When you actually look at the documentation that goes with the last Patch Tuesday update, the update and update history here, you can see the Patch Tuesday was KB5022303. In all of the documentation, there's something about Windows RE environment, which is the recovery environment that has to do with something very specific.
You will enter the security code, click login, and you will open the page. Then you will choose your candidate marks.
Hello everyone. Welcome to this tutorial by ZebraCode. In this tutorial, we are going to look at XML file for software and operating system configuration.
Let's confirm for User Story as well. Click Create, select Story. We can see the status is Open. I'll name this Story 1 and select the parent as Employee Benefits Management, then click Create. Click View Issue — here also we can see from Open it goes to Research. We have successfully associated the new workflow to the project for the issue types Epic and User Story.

= = =

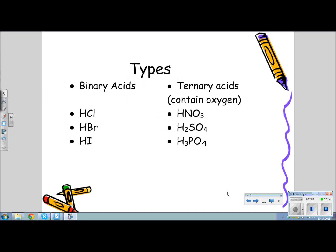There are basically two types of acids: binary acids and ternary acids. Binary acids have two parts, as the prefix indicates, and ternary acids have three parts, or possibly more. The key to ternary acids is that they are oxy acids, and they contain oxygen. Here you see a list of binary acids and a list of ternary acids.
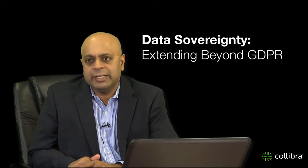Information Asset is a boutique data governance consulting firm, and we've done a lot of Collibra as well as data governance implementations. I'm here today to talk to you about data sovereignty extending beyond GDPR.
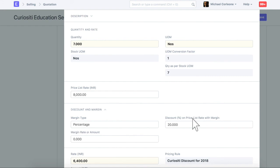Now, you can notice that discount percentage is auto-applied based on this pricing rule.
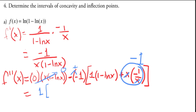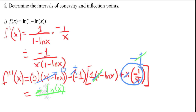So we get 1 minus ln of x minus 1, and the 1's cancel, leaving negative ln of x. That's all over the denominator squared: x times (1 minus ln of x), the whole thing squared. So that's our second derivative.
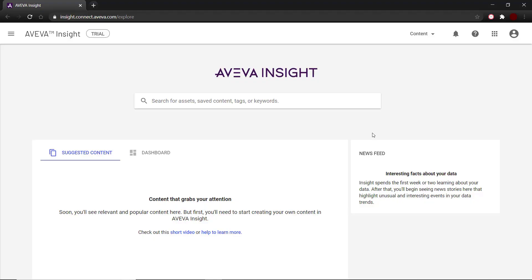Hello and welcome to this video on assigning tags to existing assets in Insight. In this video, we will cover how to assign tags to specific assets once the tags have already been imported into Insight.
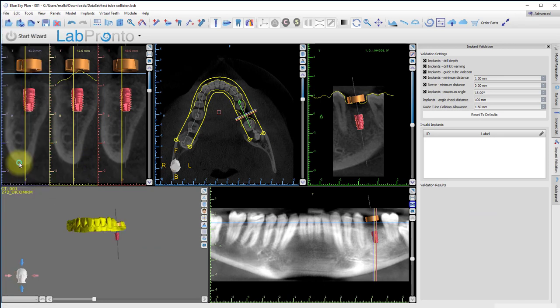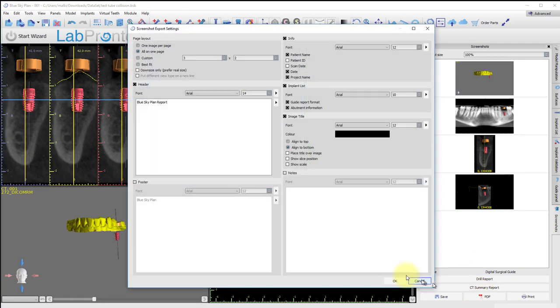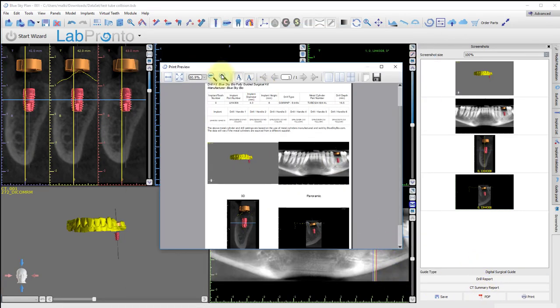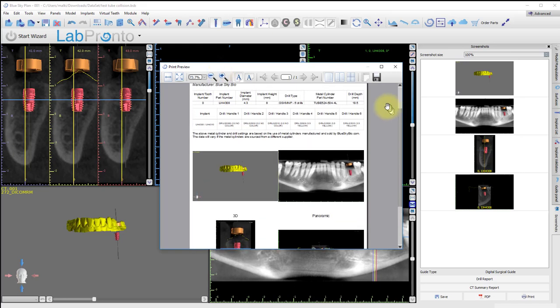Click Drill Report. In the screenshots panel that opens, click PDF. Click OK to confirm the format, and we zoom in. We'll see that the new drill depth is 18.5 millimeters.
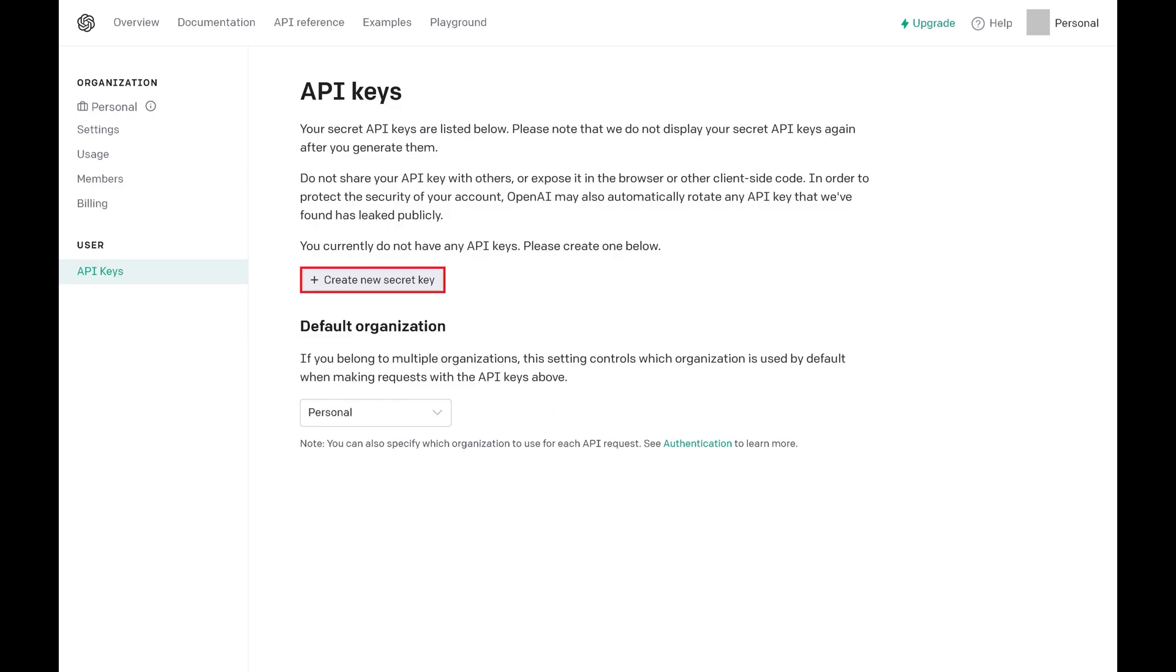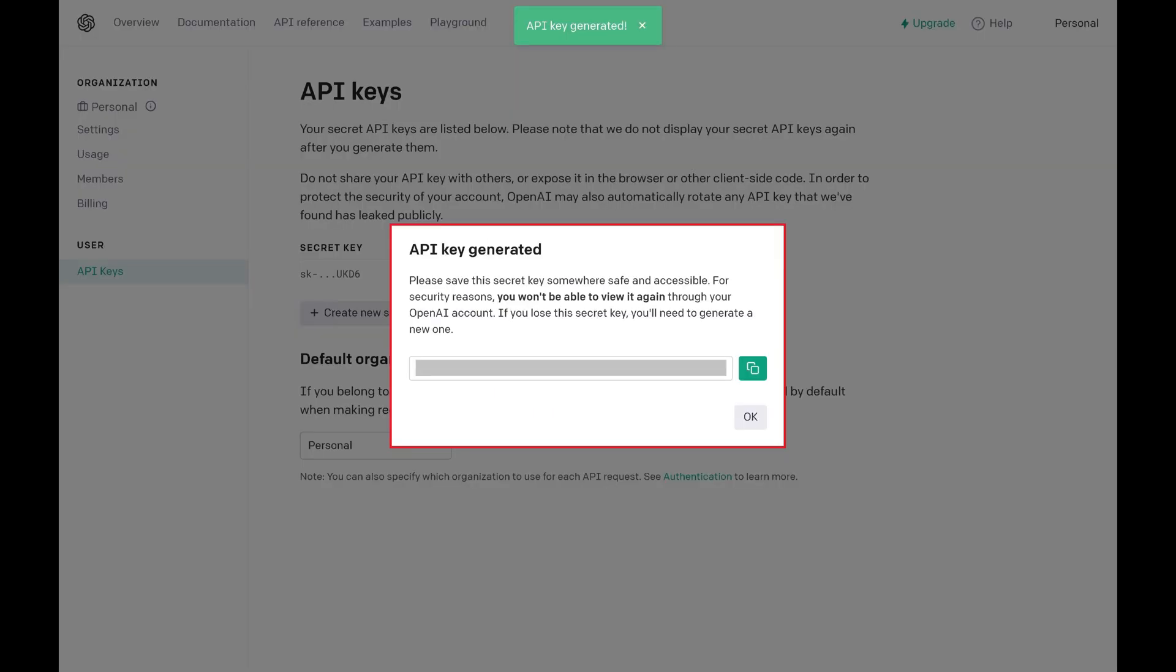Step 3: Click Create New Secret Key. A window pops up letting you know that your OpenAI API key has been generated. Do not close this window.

= = =

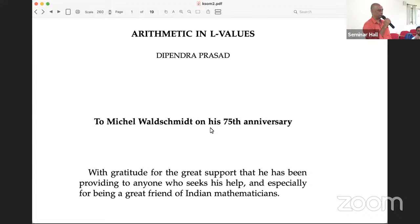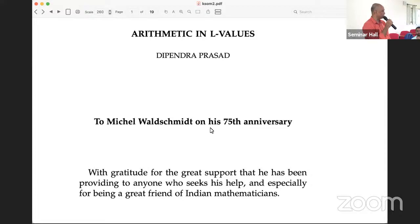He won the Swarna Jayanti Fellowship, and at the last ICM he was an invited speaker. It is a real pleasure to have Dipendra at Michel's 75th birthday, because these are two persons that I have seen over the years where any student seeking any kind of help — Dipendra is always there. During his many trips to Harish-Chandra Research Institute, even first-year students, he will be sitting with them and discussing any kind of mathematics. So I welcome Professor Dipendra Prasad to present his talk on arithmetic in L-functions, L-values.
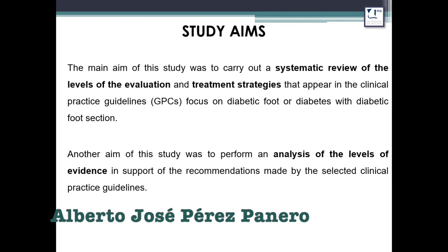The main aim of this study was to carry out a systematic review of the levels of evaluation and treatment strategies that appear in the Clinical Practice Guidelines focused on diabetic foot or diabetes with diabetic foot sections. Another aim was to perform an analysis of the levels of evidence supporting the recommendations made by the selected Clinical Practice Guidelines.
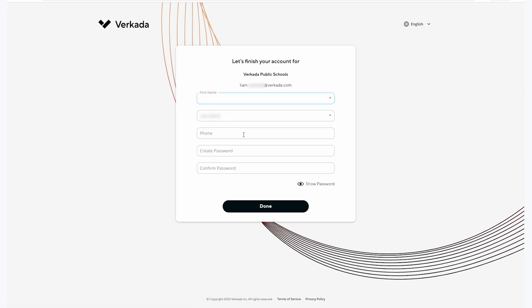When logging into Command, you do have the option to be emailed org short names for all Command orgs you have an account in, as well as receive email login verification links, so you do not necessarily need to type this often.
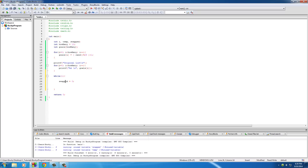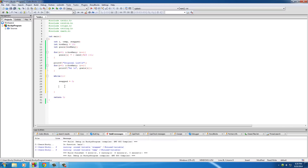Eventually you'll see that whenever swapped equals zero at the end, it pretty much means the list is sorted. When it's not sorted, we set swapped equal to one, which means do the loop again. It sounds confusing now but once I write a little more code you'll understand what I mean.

= = =

EXERCISE DETAILS: Using the data above, which lines fall from the one with "Information Asset is" through the one with "Step 3: Click"? Repeat them exactly, ends included, minus any pictures.

THE COMPLETED TASK:
Information Asset is a boutique data governance consulting firm, and we've done a lot of Collibra as well as data governance implementations. I'm here today to talk to you about data sovereignty extending beyond GDPR.
Now, you can notice that discount percentage is auto-applied based on this pricing rule.
So we get 1 minus ln of x minus 1, and the 1's cancel, leaving negative ln of x. That's all over the denominator squared: x times (1 minus ln of x), the whole thing squared. So that's our second derivative.
Hello and welcome to this video on assigning tags to existing assets in Insight. In this video, we will cover how to assign tags to specific assets once the tags have already been imported into Insight.
Click Drill Report. In the screenshots panel that opens, click PDF. Click OK to confirm the format, and we zoom in. We'll see that the new drill depth is 18.5 millimeters.
Step 3: Click Create New Secret Key. A window pops up letting you know that your OpenAI API key has been generated. Do not close this window.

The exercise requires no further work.